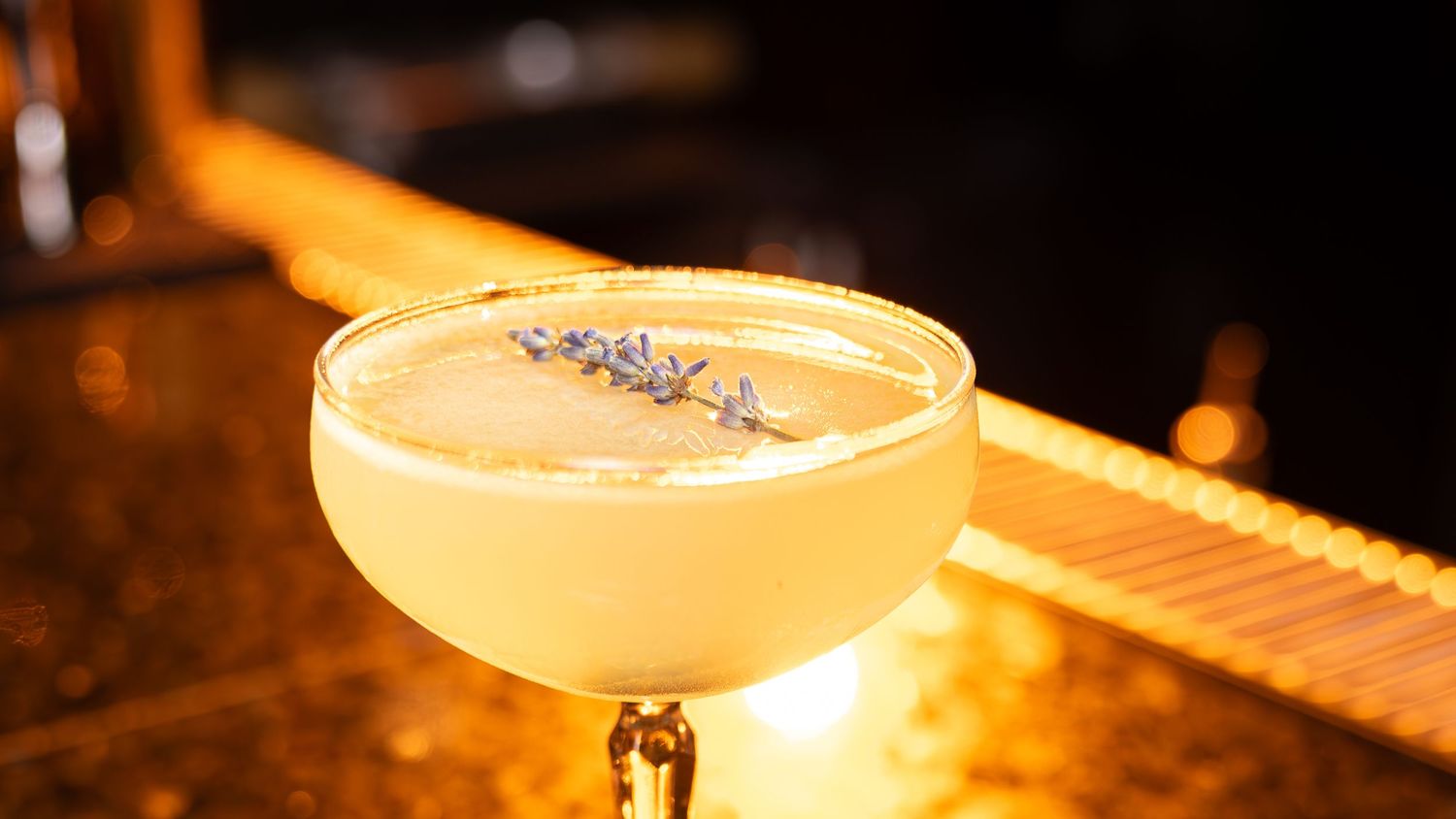A golden cocktail garnished with lavender buds served in a coupe glass on a dimly lit bar counter.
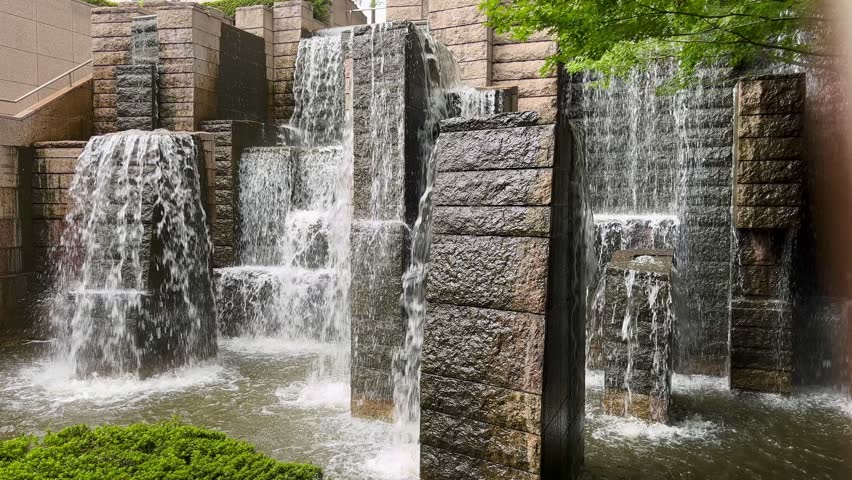 Waterfall, the waterfalls at the Gotenyama Garden in Shinagawa in a park at daytime at the end of summer in Tokyo city. Down falling water from a waterfall with green leaves of Japanese maple tree.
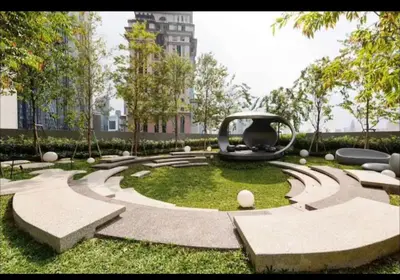 a park with a sculpture in the grass at scatletz suites klcc by yatie in Kuala Lumpur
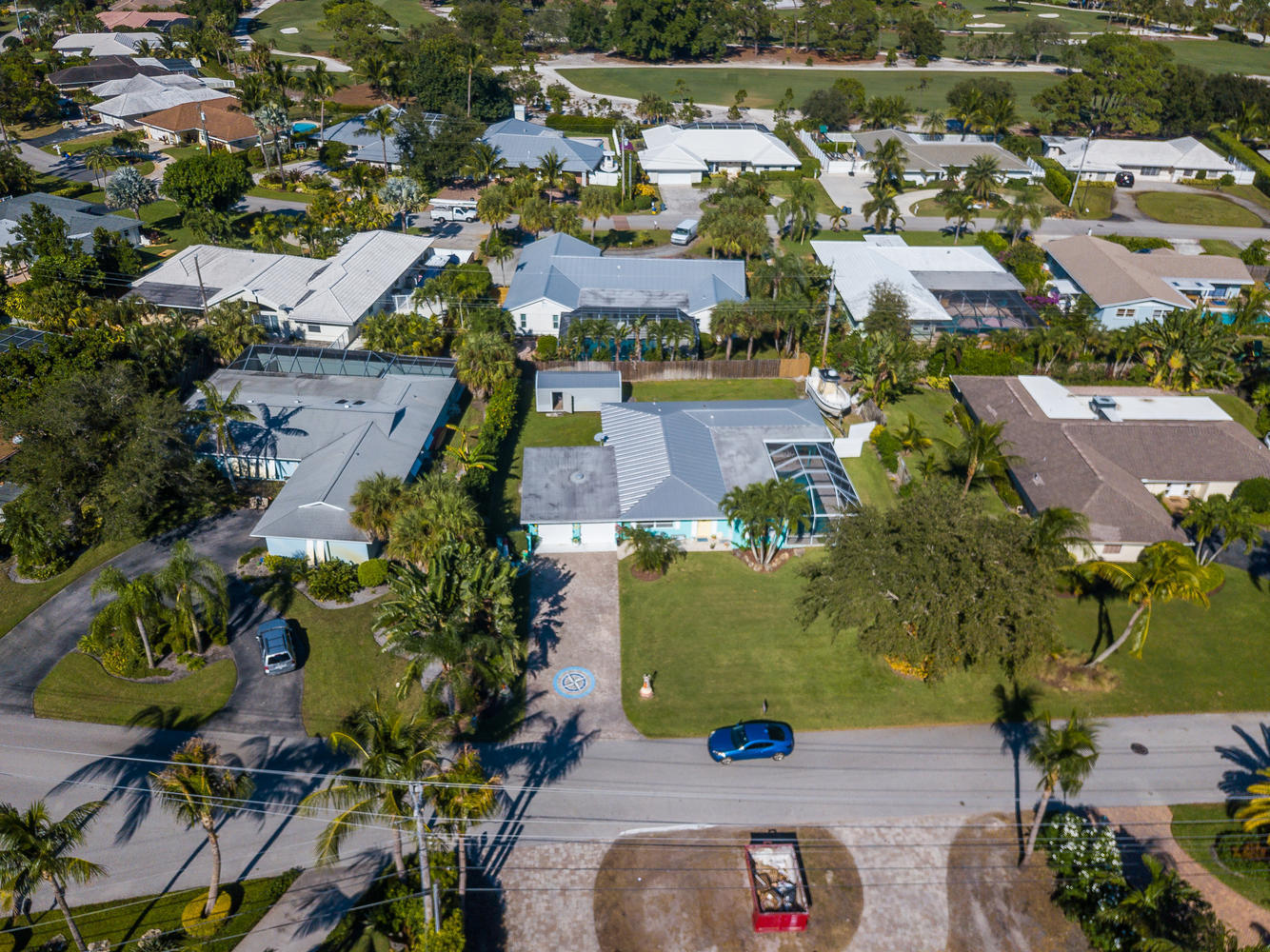 100 River Drive Tequesta, FL 33469 - Photo 37 of 54 an aerial view of a city with lots of residential buildings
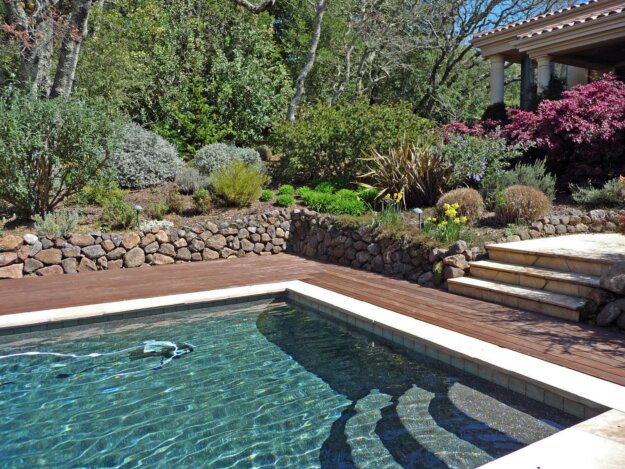 Black bottom swimming pool full of water, with steps and a hillside garden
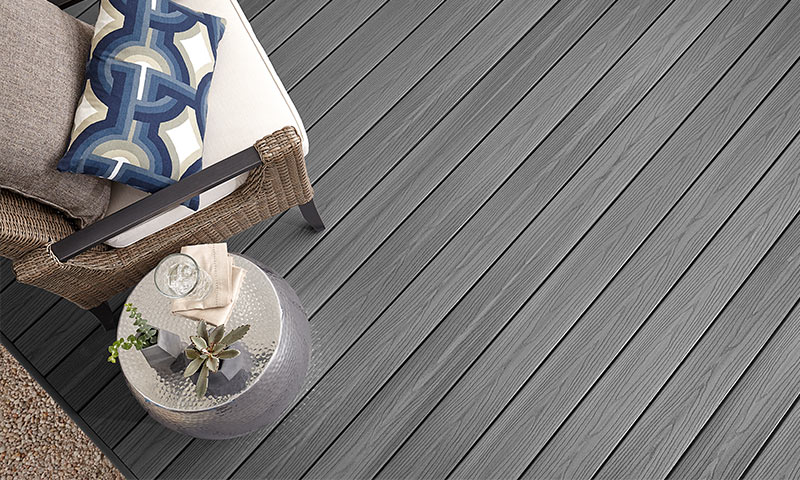 Ovenfra: grå terrassegulv, rottingstol med blå-hvit pute og sølvbord med sukkulent og glass.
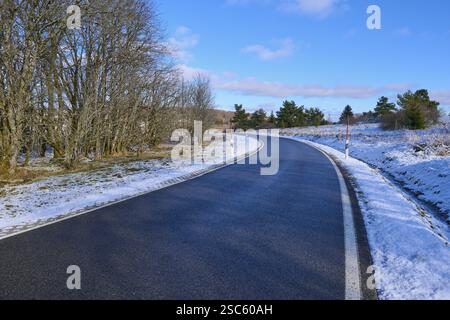 Una strada tortuosa conduce attraverso un paesaggio innevato con alberi e un cielo azzurro limpido, inverno, Oberelsbach, Lange Rhoen, Rhoen, Baviera, Germania, Euro Foto Stock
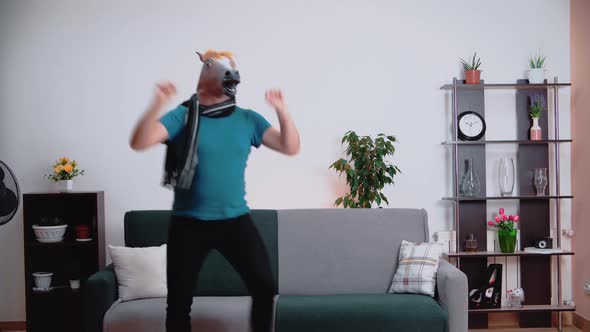 In the room, a man dances in a horse mask, spreading his arms to the sides alt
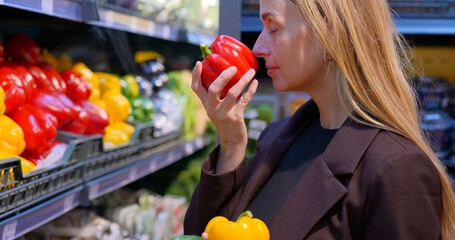 Woman choosing and smells red bell pepper while selecting vegetables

Aim of the task:
Which lines run from the one containing "100 River Drive" through the last line of the entries above? Output them exactly, both ends included, with no pictures.

Task output:
 100 River Drive Tequesta, FL 33469 - Photo 37 of 54 an aerial view of a city with lots of residential buildings
 Black bottom swimming pool full of water, with steps and a hillside garden
 Ovenfra: grå terrassegulv, rottingstol med blå-hvit pute og sølvbord med sukkulent og glass.
 Una strada tortuosa conduce attraverso un paesaggio innevato con alberi e un cielo azzurro limpido, inverno, Oberelsbach, Lange Rhoen, Rhoen, Baviera, Germania, Euro Foto Stock
 In the room, a man dances in a horse mask, spreading his arms to the sides alt
 Woman choosing and smells red bell pepper while selecting vegetables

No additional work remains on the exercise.